Task details: Would it be possible to output exactly, and only, the lines below from the one holding "Two Indian professionals" to the last line, both included, with every picture left out?

[Image-text web data]
━━━━━━━━━━
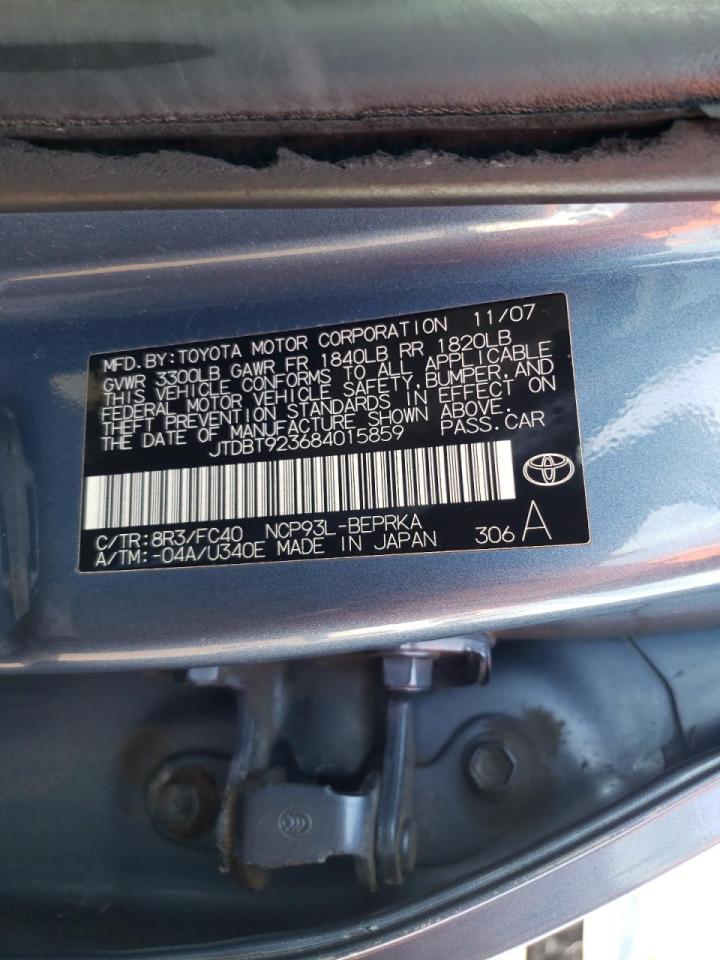 Photo 10 from auction – 2008 TOYOTA YARIS with VIN JTDBT923684015859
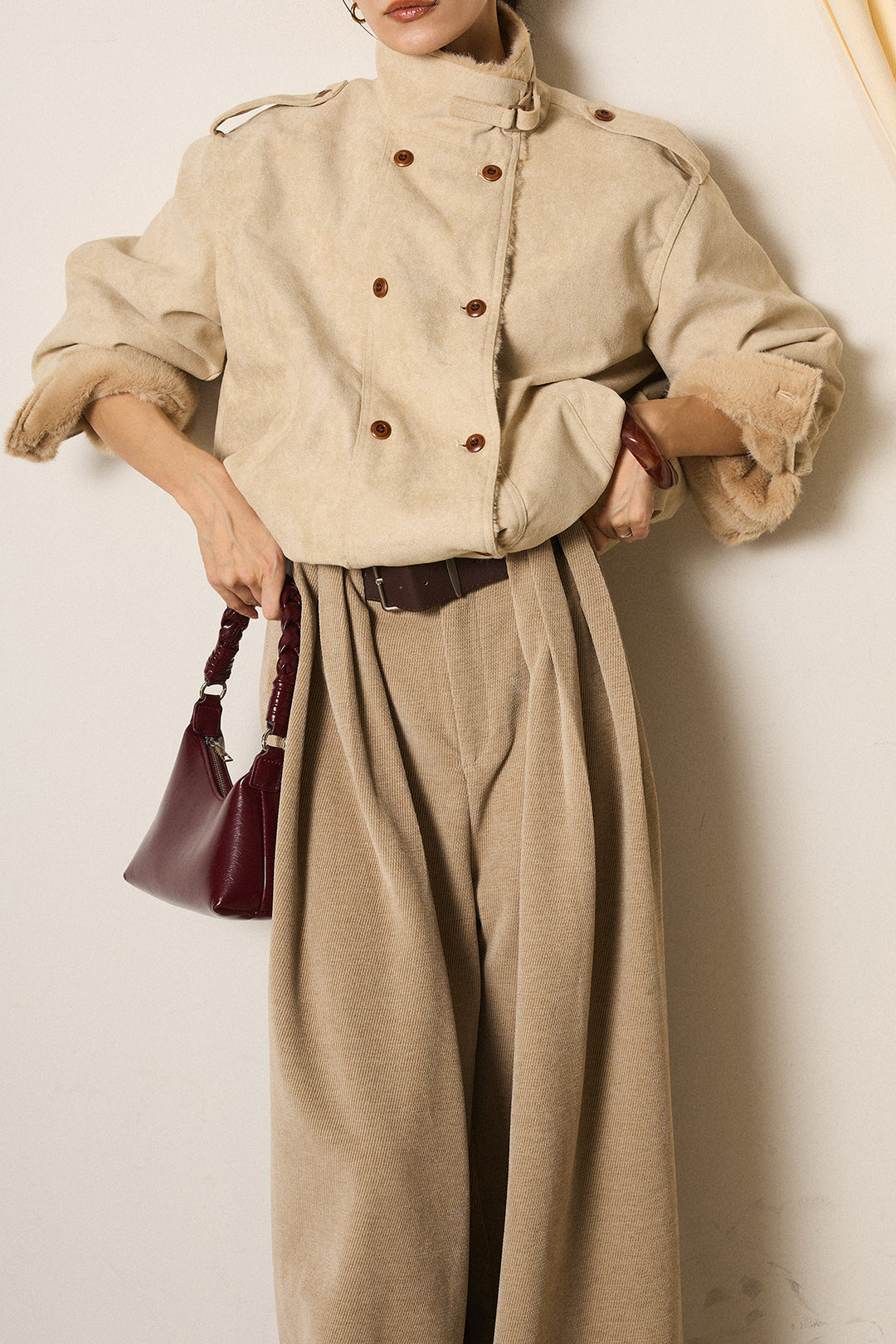 [SET]スタンド襟スウェードライクアウター+ベルトループコーデュロイワイドパンツ(2set)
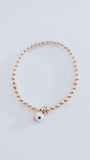 Eye Love Beaded Bracelet in Sterling Silver with White Eye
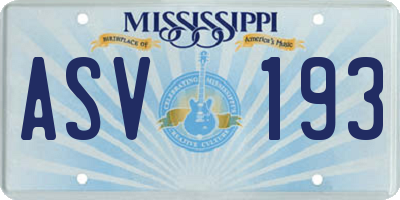 MS license plate ASV193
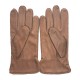 Leather gloves of deer chocolate " MARC "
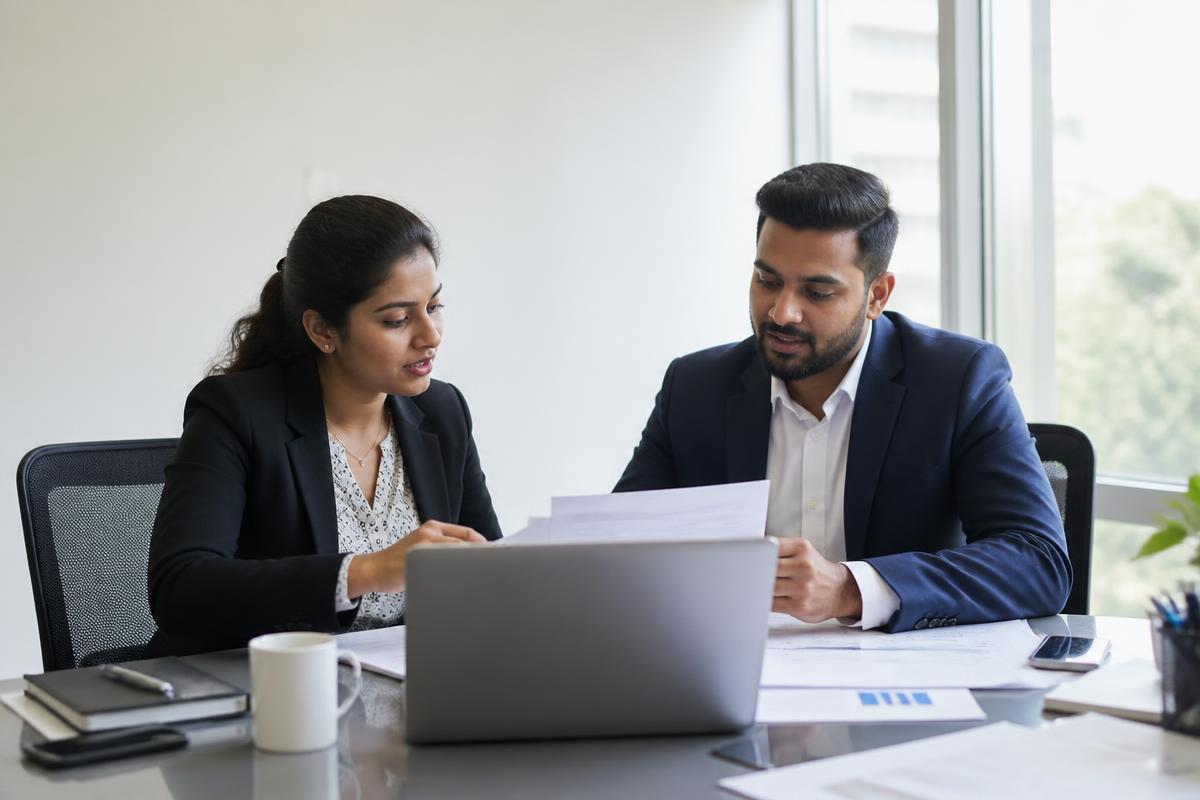 Two Indian professionals reviewing client documents together in a meeting room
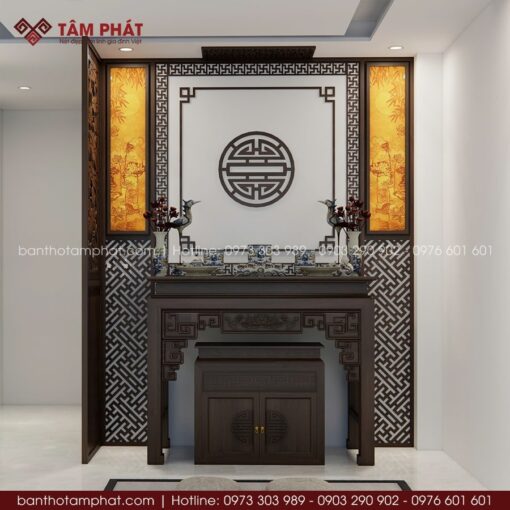 Phòng thờ Gia Tiên không sơn bóng đẹp mẫu BT-1702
━━━━━━━━━━
Finished exercise:
 Two Indian professionals reviewing client documents together in a meeting room
 Phòng thờ Gia Tiên không sơn bóng đẹp mẫu BT-1702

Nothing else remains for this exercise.